The Metropolitan City of Catania () is a metropolitan city in Sicily, southern Italy. Its capital is the city of Catania. It replaced the Province of Catania and comprises the city of Catania and other 57 municipalities (comuni).

History
It was first created by the reform of local authorities (Law 142/1990) and then established by the regional law 15 August 2015.

Geography

Territory
The metropolitan city borders with the Metropolitan City of Messina (the former Province of Messina), the Province of Enna, the Province of Syracuse, the Province of Ragusa and the Province of Caltanissetta. Part of its territory includes the Metropolitan area of Catania.
 
The Metropolitan City faces the Ionian Sea to the east, the Metropolitan City of Messina to the north, the Province of Enna and the Province of Caltanissetta to the west, the Province of Siracusa and the Province of Ragusa to the south.

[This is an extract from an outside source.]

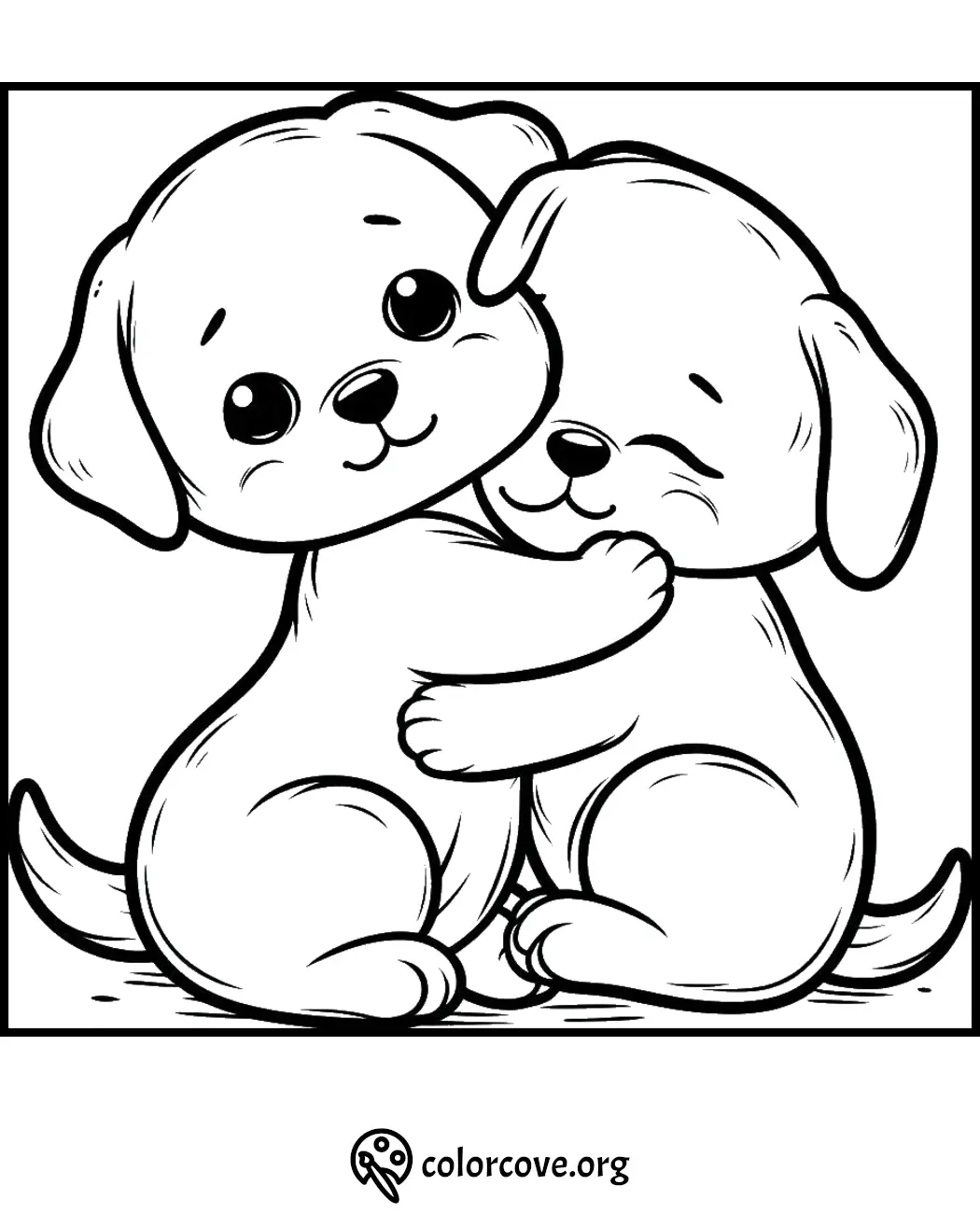 Cute puppy coloring page featuring two hugging puppies, perfect for kids' coloring fun.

Mount Etna, Europe's largest active volcano, is located in the province.

Municipalities

 Aci Bonaccorsi
 Aci Castello
 Aci Catena
 Aci Sant'Antonio
 Acireale
 Adrano
 Belpasso
 Biancavilla
 Bronte
 Calatabiano
 Caltagirone
 Camporotondo Etneo
 Castel di Iudica
 Castiglione di Sicilia
 Catania
 Fiumefreddo di Sicilia
 Giarre
 Grammichele
 Gravina di Catania
 Licodia Eubea
 Linguaglossa
 Maletto
 Maniace
 Mascali
 Mascalucia
 Mazzarrone
 Militello in Val di Catania
 Milo
 Mineo
 Mirabella Imbaccari
 Misterbianco
 Motta Sant'Anastasia
 Nicolosi
 Palagonia
 Paternò
 Pedara
 Piedimonte Etneo
 Raddusa
 Ragalna
 Ramacca
 Randazzo
 Riposto
 San Cono
 San Giovanni la Punta
 San Gregorio di Catania
 San Michele di Ganzaria
 San Pietro Clarenza
 Sant'Agata li Battiati
 Sant'Alfio
 Santa Maria di Licodia
 Santa Venerina
 Scordia
 Trecastagni
 Tremestieri Etneo
 Valverde
 Viagrande
 Vizzini
 Zafferana Etnea

Government

List of Metropolitan Mayors of Catania

Transportation
There are many major roads that cross the territory of the province. The S.S 114 (Messina-Catania-Siracusa) links many of the coastal towns from Messina to Siracusa, the S.S 121 (Catania-Caltanissetta-Palermo), which links the east coast to Palermo through the major towns of Misterbianco, Paternò and Adrano. The S.S 417 (Catania-Gela) links Catania to the towns of Gela and Caltagirone. There are also the A18 Messina-Catania and A19 Catania-Palermo motorways that pass through the province.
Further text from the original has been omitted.